Stellt sich also die Frage, wie es aussieht, wenn der eigene Name einem Gattungsbegriff gleicht und die entsprechende Domain bereits von jemandem registriert ist, der diesen Namen nicht trägt? Wie sieht es in der Rechtsprechung aus?
Ein bekanntes Beispiel ist der Fall winzer.de (LG Deggendorf, Urteil v. 14.12.2000, Az. 1 O 480/00). Die Domain winzer.de ist von einer Privatperson registriert, die nicht den Namen »Winzer« trägt. Die Gemeinde Markt Winzer, die nach dem amtlichen Ortsverzeichnis für Bayern »Winzer« heißt, wollte die Domain winzer.de für sich registrieren. Vor Gericht scheiterte sie.
Das Gericht ging in diesem Fall vom Prinzip »first come, first served« aus. Wer die Domain zuerst registriert, ist berechtigter Inhaber. Im Rahmen der Rechtsfindung fragte sich das Gericht, welche Erwartungen Internetnutzer haben, wenn sie die Domain winzer.de aufrufen. Diese Prüfung war notwendig, da mit ihr die Frage geklärt wird, ob eine Identitäts- oder Zuordnungsverwirrung besteht. Eine Identitäts- oder Zuordnungsverwirrung setzt der Tatbestand des § 12 BGB (Namensrecht) voraus, auf den sich die Gemeinde Markt Winzer bei ihrem Anspruch auf Freigabe der Doman stützte. Wäre das Gericht zu dem Ergebnis gelangt, es läge eine solche Verwirrung der Internet-Nutzer in relevanter Weise vor, wäre die Verwendung der Domain durch ihren Inhaber unbefugt gewesen und er hätte sie freigeben müssen.
Das Gericht kam zu dem Ergebnis, dass im regionalen Umfeld der Gemeinde Markt Winzer die Erwartung groß sei, unter winzer.de die Heimatgemeinde zu finden. Das aber reiche nicht aus. Man müsse, um die Frage richtig zu beantworten, die gesamte Zielgruppe unter der Top Level Domain betrachten. Das ist im wesentlichen der gesamte deutsche Sprachraum. Im deutschen Sprachraum versteht der ganz überwiegende Teil der Internetnutzer unter dem Wort Winzer nicht die Gemeinde Markt Winzer, sondern den Beruf des Weinbauern. Unter diesen Umständen kann man lediglich von einer Identitäts- oder Zuordnungsverwirrung im niederbayrischen Raum sprechen. Diese müsse aber im Verhältnis zum gesamten deutschsprachigen Raum zurücktreten. Dabei berücksichtigte das Gericht auch, dass die Gemeinde öffentlich gerade als Markt Winzer auftritt und nicht als Winzer. So lauten die Ortsschilder auf Markt Winzer und auf dem Briefpapier der Gemeinde heißt es ebenfalls Markt Winzer.

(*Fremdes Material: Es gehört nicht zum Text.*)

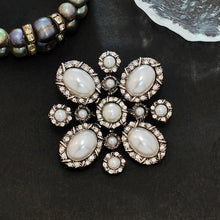 Load image into Gallery viewer, Baroque Vintage Imitated Pearl Cross Brooch Pin Elegancy Jewelry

Einen vergleichbaren Fall hatte das LG München (Urteil vom 08.03.2001, Az.: 4 HK 0200/01) zu entscheiden. Die Parteien stritten um die Domain saeugling.de. Hier fühlte sich der Inhaber des bürgerlichen Namens Säugling, unter dem er ein Journalistenbüro führt, in seinen Rechten verletzt. Auch in dieser Konstellation sah das Gericht keine Identitäts- oder Zuordnungsverwirrung, da es sich um einen Gattungsbegriff handelt und die Mehrzahl der Internetnutzer nicht erwartet, unter dieser Domain Informationen über Herrn Säugling und sein Journalistenbüro zu finden, sondern über Babys.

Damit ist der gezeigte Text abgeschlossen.